NOTE: Originally published April 9, 2013. Updated Jan. 14, 2024.

10 replies
  1. David Lufkin
    David Lufkin says:

    I think Karen’s example is a good one of how to do Q&As, and also happens to follow Susan’s guidelines. The danger in print/web or video is lack of intelligent editing. I’ve seen this format work well with other industries, guitar making for example, where it’s great to get a lot of opinions on a narrow subject in a tight frame.

    As for FAQs, as ubiquitous as they are, they are often overused. I like to say that “FAQ is where content goes to die.” Keep ’em short and simple.

  2. Susan Weiner CFA
    Susan Weiner CFA says:

    David, I love your line about “FAQ is where content goes to die”!

    I agree that a Q&A format is a good way to capture roundtable content. I’m sure that great care went into editing the transcript to make it flow smoothly. As David said, a “lack of intelligent editing” might make this roundtable deadly. In its current form, the interested reader will skim the questions and zero in on the topics of interest.

    It might be possible to draw in more readers with an introductory paragraph that highlights interesting opinions or differences among the participants. I like introductions that give me a little more information about why the piece that follows will help me. Alternatively, in a piece with less artwork, pullquotes might serve the same purpose.

    I must confess that I wrote many Q&A pieces as a staff reporter and I’m about to start a new one for my blog. I’d better make sure I live up to the high standards I’m proposing.

  3. JT Long
    JT Long says:

    You make some great points. At Streetwise Reports (www.theaureport.com) we use the Q&A format for our interviews because we want to focus on the point of view of our smart experts rather than our writing style. But it takes careful editing to get rid of the verbal tics that can get in the way of smooth reading.

  4. Susan Weiner CFA
    Susan Weiner CFA says:

    JT, you make an excellent point about focusing on the experts’ point of view. I like how on your site you have an intro that highlights points made in the Q&A. That helps readers decide if they want to dive into the details of the Q&A.

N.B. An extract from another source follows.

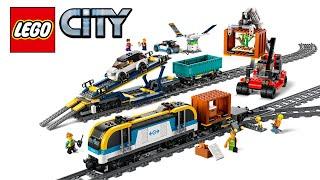 LEGO City Güterzug (60336) - Speed build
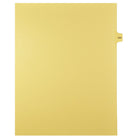 Mark Maker Legal Tabs - Letter Size - Buff - 1/15th cut - 25 tabs per package - 5 packages Pack - Number 154-Buff SingleTabs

    I agree that a Q&A emphasizes the expert’s point of view over the writer’s. That can be a plus or a minus, depending on how interested readers are in the topic.

  5. Lucinda Ellison Lu
    Lucinda Ellison Lu says:

    Excellent points all! I especially agree with your comment regarding editing, and removing the uhs, uhms and incomplete sentences. Inclusion of those can destroy flow and readability and don’t add anything to the piece. As an aside, I also agree on overuse of direct quotes. Articles have so much more impact when only strong quotes are used and the writer/reporter has the ability to paraphrase — the article will be so much more compelling.
    Great post!

  6. Candyce Edelen
    Candyce Edelen says:

    Susan, thanks for sharing your thoughts on this. We’re working on an article for a client right now, and I was considering using a Q&A format, but after reading your insights and the comments, I think we’ll take a different approach. In some of the Q&A style articles that I’ve read, the approach just starts to look like lazy journalism. It removes the necessity for the author to actually think about his/her subject and provide fresh insight.

  7. Blane Warrene
    Blane Warrene says:

    Great food for thought Susan! I have started to have one kind of Q & A grow on me – usually when it is narrowly focused. For example – Fortune used to run a Road Warrior column that asked people who travel heavily 5-7 questions about how they gear up for travel. I often bought the issue just for that one column (yes I am showing my age – bought the issue – I might as well mention records right?).

    I also like the Sunday NY Times column Corner Office – again a Q & A but focused in a discipline that is of great interest to me.

    So – in a general sense I would agree unless you can target a niche (as you mentioned with interviewing a star player in your field, et al) that will draw a lot of focus.